The idea of burning the Quran brings me to another incendiary issue, the building of an Islamic Center a few blocks away from Ground Zero. To be honest with you, as much as I was against the Quran burning from the very beginning, I was on the fence about the Islamic Center being built next to the World Trade Center site. On one hand, sure, they have the legal right to build the Center, but then again, nobody is disputing that, and that is not even the issue of controversy. The real issue that has stirred so many passions from every political spectrum of our society is whether it is the right thing to build this center; given the fact that many people feel that it is insensitive to build a Muslim affiliated center so close to the place of an attack that was carried out in the name of Islam. I think President Obama said it best when he said that we are not at war with Islam, but with the terrorists who have distorted Islam. Thus, by being committed to this center, we can show to the radicals that America embraces and welcomes Islam in its midst; the real Islam, the Islam of peace and tolerance. While at the same time, it is the regimes like that of the Taliban, or al-Qaeda, or the current Iranian Government, or even our allies, the Saudis, who interpret Islam in such a way that would never allow the same level of freedom for Christians, Hindus, Jews, Baha'is, and Atheists under their rule as our society does.
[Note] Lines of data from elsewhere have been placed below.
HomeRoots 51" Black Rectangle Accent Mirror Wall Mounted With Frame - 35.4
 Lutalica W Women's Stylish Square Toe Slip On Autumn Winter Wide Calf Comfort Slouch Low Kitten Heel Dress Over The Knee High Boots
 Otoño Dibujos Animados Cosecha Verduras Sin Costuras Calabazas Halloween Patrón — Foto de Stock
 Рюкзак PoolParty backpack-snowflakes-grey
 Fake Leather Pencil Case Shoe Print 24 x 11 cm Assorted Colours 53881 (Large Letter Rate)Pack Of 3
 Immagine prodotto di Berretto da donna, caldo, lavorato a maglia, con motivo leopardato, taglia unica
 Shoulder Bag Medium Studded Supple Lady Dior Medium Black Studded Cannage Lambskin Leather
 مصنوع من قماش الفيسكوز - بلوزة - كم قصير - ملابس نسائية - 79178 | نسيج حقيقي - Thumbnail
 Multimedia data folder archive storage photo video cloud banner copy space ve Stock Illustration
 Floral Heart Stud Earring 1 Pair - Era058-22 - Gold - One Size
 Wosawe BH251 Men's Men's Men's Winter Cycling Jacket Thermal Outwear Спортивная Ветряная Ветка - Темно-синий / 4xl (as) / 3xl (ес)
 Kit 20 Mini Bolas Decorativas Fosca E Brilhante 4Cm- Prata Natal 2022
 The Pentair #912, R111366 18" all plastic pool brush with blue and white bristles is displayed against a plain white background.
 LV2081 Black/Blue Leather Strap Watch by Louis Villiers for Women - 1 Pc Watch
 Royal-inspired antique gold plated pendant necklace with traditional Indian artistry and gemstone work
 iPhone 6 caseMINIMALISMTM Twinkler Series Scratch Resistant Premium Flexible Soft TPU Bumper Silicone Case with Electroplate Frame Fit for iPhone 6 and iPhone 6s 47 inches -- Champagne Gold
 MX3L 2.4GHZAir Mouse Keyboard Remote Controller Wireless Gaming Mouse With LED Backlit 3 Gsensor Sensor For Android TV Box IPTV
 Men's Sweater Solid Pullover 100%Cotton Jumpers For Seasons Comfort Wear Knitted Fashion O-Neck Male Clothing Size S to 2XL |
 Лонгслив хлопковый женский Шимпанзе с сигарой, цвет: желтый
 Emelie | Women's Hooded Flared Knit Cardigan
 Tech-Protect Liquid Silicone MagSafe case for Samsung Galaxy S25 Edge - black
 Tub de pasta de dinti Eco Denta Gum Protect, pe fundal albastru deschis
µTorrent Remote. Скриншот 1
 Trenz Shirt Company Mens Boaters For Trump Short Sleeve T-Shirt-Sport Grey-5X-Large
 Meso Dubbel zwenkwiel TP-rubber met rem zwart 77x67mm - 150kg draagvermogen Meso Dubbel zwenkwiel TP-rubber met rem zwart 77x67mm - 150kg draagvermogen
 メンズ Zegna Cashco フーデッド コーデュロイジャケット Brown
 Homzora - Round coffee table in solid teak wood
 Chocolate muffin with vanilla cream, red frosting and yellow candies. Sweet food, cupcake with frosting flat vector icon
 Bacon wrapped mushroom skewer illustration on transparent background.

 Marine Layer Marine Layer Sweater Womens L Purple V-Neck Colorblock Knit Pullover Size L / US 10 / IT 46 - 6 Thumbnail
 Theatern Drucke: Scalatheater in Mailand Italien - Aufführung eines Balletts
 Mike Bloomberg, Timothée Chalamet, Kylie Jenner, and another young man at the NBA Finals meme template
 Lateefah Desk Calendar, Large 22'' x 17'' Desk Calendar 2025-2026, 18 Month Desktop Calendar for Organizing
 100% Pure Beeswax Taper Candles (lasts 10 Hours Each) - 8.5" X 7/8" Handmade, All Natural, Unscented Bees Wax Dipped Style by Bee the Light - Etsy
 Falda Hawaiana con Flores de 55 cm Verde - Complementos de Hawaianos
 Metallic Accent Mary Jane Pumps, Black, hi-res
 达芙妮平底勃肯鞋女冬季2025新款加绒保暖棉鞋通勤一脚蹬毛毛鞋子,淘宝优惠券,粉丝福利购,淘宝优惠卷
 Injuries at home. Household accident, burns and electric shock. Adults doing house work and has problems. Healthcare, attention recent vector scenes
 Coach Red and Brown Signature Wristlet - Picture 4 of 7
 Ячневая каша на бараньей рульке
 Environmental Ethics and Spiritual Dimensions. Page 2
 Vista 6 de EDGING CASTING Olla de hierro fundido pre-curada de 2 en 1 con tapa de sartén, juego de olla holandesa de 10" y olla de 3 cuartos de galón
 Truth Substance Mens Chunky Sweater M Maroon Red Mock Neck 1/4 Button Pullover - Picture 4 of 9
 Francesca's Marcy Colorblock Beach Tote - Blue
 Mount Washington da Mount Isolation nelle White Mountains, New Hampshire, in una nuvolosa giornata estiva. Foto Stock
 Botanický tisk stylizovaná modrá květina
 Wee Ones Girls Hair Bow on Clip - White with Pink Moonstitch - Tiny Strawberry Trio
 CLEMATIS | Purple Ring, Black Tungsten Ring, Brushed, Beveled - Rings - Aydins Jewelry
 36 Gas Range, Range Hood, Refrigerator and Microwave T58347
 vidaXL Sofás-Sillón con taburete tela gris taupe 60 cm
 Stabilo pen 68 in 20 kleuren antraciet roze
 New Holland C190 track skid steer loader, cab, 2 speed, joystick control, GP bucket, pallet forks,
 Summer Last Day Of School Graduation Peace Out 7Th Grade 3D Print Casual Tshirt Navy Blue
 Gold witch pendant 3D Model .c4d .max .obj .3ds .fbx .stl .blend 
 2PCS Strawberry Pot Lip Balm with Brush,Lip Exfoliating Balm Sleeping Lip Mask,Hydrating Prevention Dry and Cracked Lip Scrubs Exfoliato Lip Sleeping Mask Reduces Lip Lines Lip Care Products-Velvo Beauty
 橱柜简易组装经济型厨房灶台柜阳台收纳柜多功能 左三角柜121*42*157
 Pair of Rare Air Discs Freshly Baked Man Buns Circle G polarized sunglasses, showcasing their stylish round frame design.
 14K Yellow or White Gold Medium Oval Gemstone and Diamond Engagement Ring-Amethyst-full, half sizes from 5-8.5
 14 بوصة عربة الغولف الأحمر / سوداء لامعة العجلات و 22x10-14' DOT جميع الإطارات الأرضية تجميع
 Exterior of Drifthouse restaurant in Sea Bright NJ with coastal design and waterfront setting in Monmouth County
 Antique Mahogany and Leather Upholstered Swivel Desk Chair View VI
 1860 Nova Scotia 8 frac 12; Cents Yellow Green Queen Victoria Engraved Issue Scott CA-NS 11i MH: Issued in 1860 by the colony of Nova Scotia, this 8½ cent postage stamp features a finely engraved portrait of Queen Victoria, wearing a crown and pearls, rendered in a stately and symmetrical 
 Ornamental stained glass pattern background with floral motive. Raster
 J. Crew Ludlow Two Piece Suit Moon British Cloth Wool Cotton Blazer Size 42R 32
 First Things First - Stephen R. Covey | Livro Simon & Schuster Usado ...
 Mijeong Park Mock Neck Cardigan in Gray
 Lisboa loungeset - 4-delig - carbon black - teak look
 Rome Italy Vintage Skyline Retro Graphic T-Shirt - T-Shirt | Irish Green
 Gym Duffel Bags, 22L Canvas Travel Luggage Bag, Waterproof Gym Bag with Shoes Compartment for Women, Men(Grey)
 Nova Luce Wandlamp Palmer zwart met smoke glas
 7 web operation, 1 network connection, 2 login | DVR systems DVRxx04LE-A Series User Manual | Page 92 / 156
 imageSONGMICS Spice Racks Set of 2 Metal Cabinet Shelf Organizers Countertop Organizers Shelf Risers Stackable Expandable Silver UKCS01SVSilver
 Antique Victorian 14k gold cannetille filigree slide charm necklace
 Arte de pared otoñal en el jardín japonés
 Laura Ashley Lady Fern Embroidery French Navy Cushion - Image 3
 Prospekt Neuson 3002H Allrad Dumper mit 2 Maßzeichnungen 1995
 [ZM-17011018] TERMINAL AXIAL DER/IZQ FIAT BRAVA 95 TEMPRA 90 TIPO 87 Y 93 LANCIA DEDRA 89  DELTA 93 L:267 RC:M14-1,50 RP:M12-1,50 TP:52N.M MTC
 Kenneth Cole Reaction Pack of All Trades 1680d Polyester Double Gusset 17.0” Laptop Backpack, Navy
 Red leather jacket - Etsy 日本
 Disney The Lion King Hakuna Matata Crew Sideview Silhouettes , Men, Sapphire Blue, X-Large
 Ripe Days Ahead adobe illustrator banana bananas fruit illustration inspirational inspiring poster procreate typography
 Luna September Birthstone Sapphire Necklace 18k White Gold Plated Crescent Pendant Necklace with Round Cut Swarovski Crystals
Although it is important that the sensitivity of the people who were affected by 9/11 is respected in light of the Community Center, it appears that if one actually looks at the facts of the Community Center, that has already been done. From what I understand, the center is more about building inter-religious bridges, instead of burning Qurans, as the Florida Pastor wanted to do. The Center's interfaith component's name "Córdoba House" is supposed to invoke the peaceful coexistence of Muslims, Jews, and Christians in medieval Spain.
After the United States defeated Nazism in Germany and the jingoistic imperialists of Japan, did we brand all Germans as Nazis and all Japanese as enemies of America? Of course not! We helped these two countries regain their own traditions and culture that existed before the taint of extremism, and these countries remain some of our strongest allies to this day. At the same time, when Bin Laden's al-Qaeda, a group that is much akin to Hitler's Germany attacked us on 9/11, we needed to go after them with words, and not swords. We cannot win the "hearts and minds" of a people by ignoring and trampling over their culture and lands. The only way to defeat an extremist ideology, whether that is a violent fatalistic perverted version of Islam of al-Qaeda and the Taliban or a perverted view of Shinto that was hijacked through the Emperor Worship of WWII era Japan, is to extend an open hand to the peaceful and tolerant strands of those same religions. On that fateful day, 19 men did not just hijack airplanes; they hijacked the religion and way of life of over a billion people. I want to be able to go back to that girl that I spoke with in the immediate aftermath of the attacks and reassure her and the Muslims living in the United States and around the world that America is on their side, and together we will build a better world of tolerance and understanding that will be respectful of traditional Muslim values and culture and not by using tanks, bombs, or oil diplomacy to destroy those same values and turn them into the violence witnessed on 9/11.